In an attempt to bury my cry for help, it's time to make an overly nerdy post.

## The Scenario

Have you ever sat, bored, in a classroom? My mind wanders when I'm in that situation. Last Thursday, I was living the daydream in Linear Optimization. Instead of refocusing on the inaccessible presentation, I devoted a few pages of my notebook and a half hour of mental time to an exercise I have wondered about since I read Gödel, Escher, Bach:

## The Problem

Is it possible to express boolean logic / zeroth-order logic using only elementary algebra?

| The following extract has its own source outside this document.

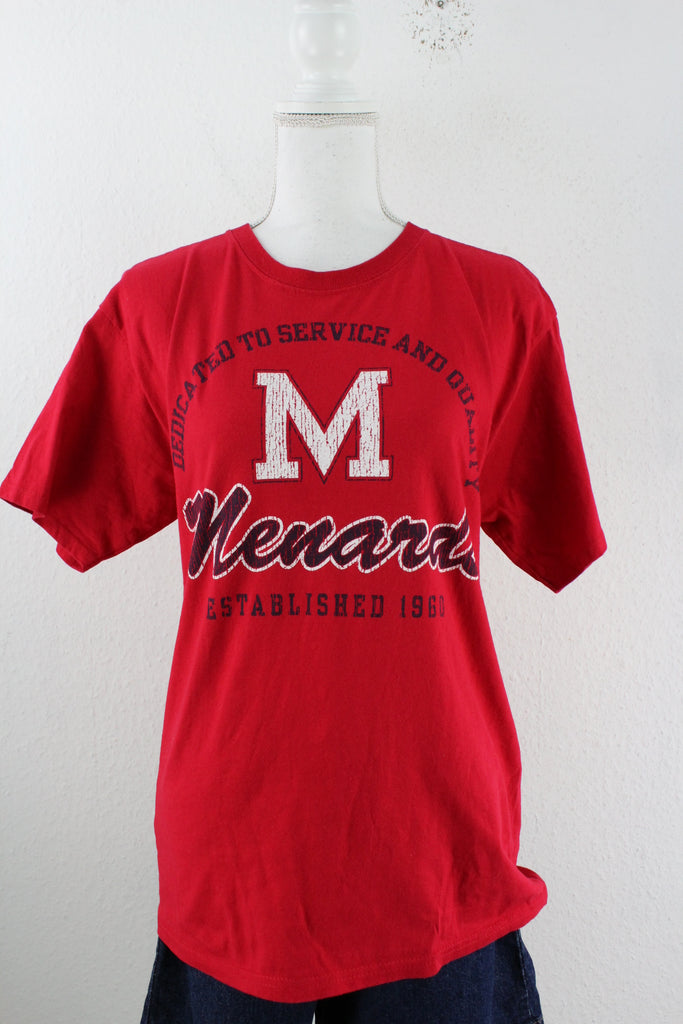Vintage Red T-Shirt (M) - ramanujanitsez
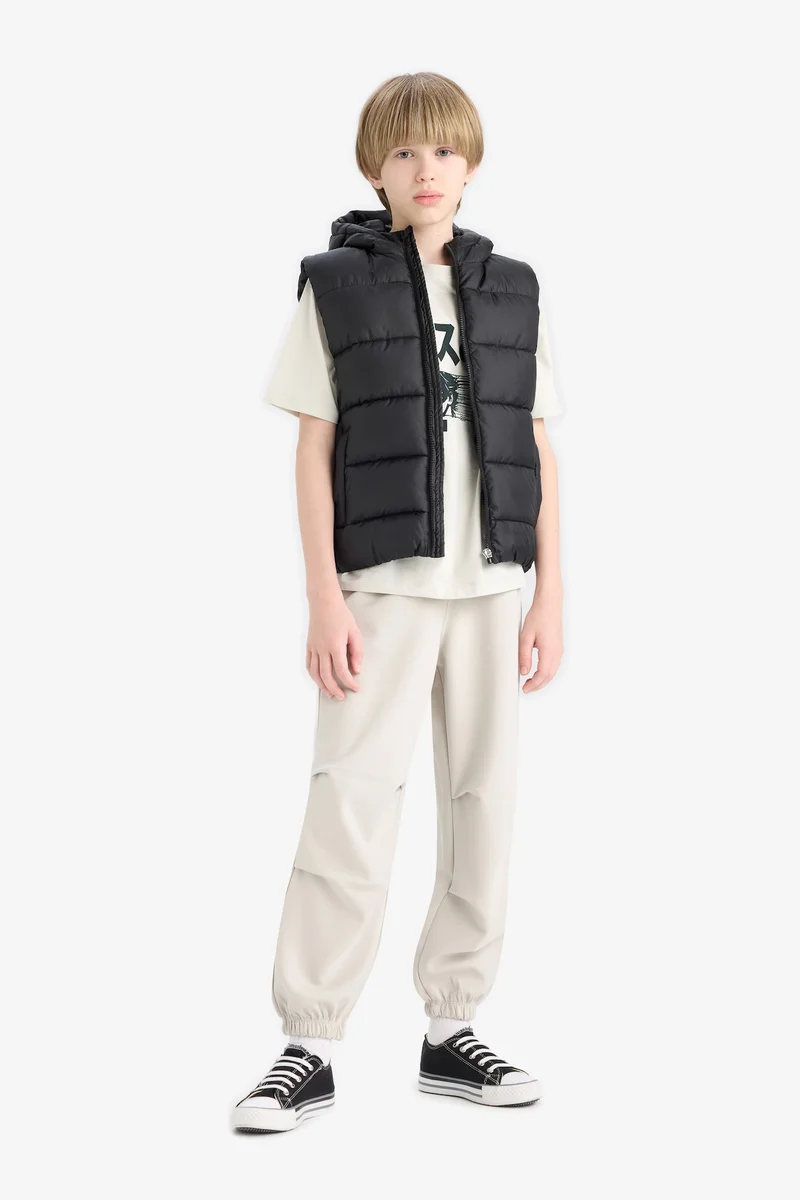 ديفاكتو Boy Waterproof Hooded Vest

(I define elementary algebra as the axioms providing integer numbers, addition, subtraction, multiplication, division, and exponent operators.)

## The Journey

I started to work. As is typical for situations like this, I trail-blazed in as wrong of a direction as possible. I ended up developing an embarrassing framework of incomplete functions like ∧, ∨, and an generalized inequality statement... but they all depended upon a function I called "sign", but will refer to as Γ since Greek letters annoy my Father. (Whose intellectual shadow I live in.)

### Definition of Γ:

Γ(x < 0) = -1

Γ(0) = 1

Γ(x > 0) = 1

I was stumped. I waited until the end of class and brought the exercise to Dr. Krishnamoorthy. He thought about it for a moment and said it wasn't likely possible due to the function's discontinuity. I pointed out that *x ^{2}*,

*|x|*and other functions are discontinuous. He said he'd think on it and get back to me.

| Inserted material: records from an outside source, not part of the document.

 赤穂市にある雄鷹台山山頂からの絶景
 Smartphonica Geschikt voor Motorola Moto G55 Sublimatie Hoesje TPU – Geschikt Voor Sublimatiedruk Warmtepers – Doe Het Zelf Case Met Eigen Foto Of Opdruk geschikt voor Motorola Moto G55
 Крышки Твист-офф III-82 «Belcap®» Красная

I text-messaged Sam and a few other mathematically inclined smart people a brief description of the function. Later that night, Sam IM'ed me back and told me he was "totally engrossed in this for some reason." It turn out he misunderstood my goals, and ended up deriving a set of binary boolean operators:

x ∧ y → x⋅y

x ∨ y → x + y - (x ∧ y)

¬x → 1 - x

x ⊕ y → (x ∨ y) ∧ ¬(x ∧ y)

x ⇒ {y | z} → (x ∧ y) ∨ (¬x ∧ z)

Meanwhile, I had this convenient theory of integer comparisons built on binary boolean operators. We could combine the two together, except for that pesky Γ function! Let's examine the problem a bit closer...

### I see that you're a Γ, I'm pretty Γ too.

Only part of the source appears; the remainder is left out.